Saturday, May 30, 2009

Angry for a Very Good Reason (FINALLY)

Ramon and I had had - were having - a lovely afternoon up on the Broadway drag. I had a 2:30 haircut with Nicole (freakin' genius at making my untidy mess look like an intentional untidy mess) at Scream Barber, and we were wandering home after, stopping by our haunts. Bailey Coy books, Linda's for brunch, I turned the prayer wheel at Vajra and a brief visit to Urban Outfitters, but only to use the privy and to sneer at the gladiator sandals and the $20 hip flasks that say things like "Bitch" and "Horny". Ramon bought me flowers.

On the way out we stopped at Dick's for a chocolate shake and some fries - the line was about five deep as usual. As I waited for Ramon to pay I heard a voice behind me; a lady on the phone.
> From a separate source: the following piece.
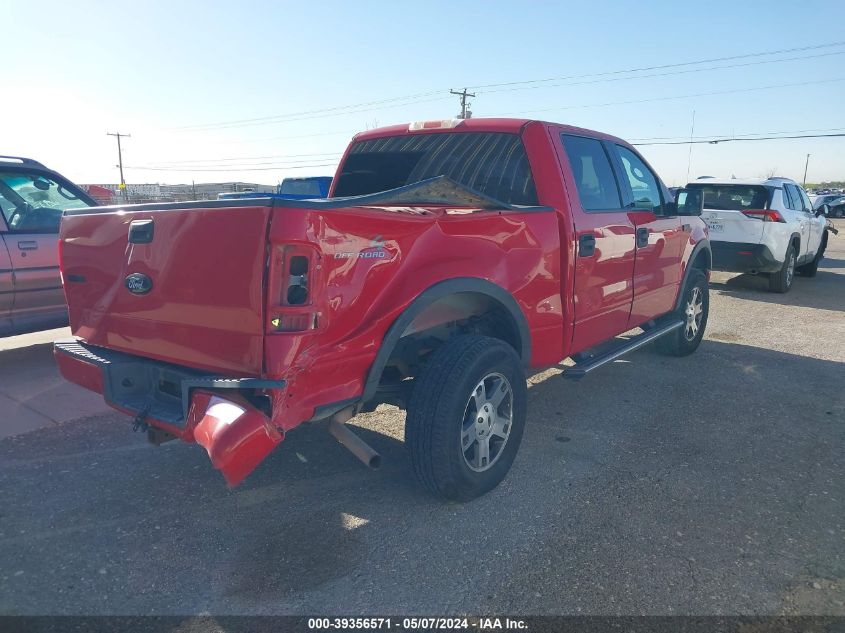 2004 Ford F-150 Fx4/Lariat/Xlt VIN: 1FTPW145X4KB13201 Lot: 39356571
"Yeah, someone just 'small-changed' me, so I'm buying him a burger. I'm in line right now - talk to you later." This voiced in a loudish tone of complacent ennui. I looked over at her and saw a man beside her (I had seen him a couple of times that afternoon - a little shaggy, but tidily dressed and kind-looking, asking people here and there for money), looking sheepish. Many people were around.

She looked - well, it doesn't matter, save to say that she pretty much satisfied my prejudice about what a person who said things like that, and how they said it, would look like.
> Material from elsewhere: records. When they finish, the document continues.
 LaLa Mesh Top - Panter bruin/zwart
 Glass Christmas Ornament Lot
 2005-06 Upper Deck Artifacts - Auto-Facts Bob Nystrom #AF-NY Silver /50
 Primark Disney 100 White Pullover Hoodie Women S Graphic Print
Hey, I feel put-upon sometimes, lots of times, when people ask me for money, and especially if they've got some kind of 'I'm different from the others, just in an unfortunate spot at the moment' spiel (some that I've heard from the same person, day after day - I know your Aunt in Tacoma didn't forget your return bus fare for the third day in a row, love). I don't like it that I get hit up more than once every day in this town, and I hardly ever cough up. I hate hearing the conversations that people have to have about The Homeless Problem or the 'get a job' mentality of the cats who feel like they need a reason not to give their hard-earned cash to someone just because they asked for it. I still seethe with rage at the memory of the dude who yelled at me when I told him no: "Well, what fuckin' GOOD are ya?!" The whole homeless/panhandler issue is a thorny nest of not fun thinky thoughts for me. Seeing things from many sides is a sonuvabitch sometimes, no?

This one cut me down, man. Hurt me right to the heart. I hated that woman - I was so mad I was tearing up on our way home. Who DOES that to someone? Some people like buying food for folks who ask them for money, cool. Not my way, of course - I give 'em money and they do what they like with it - but still better than giving people nothing at all or speeching them out about their naughty vagrant ways. But insisting on buying food and then shouting it all over creation - WHILE the poor sucker is with you, for the love of Pete - not nice. Not loving. Maybe not worth it, to that guy.

Sorry, no 'You see, Timmy' moment to cap this one off. I'm just angry, angry, angry. And hurt. And you know what hurt angry people do in this great age - yes.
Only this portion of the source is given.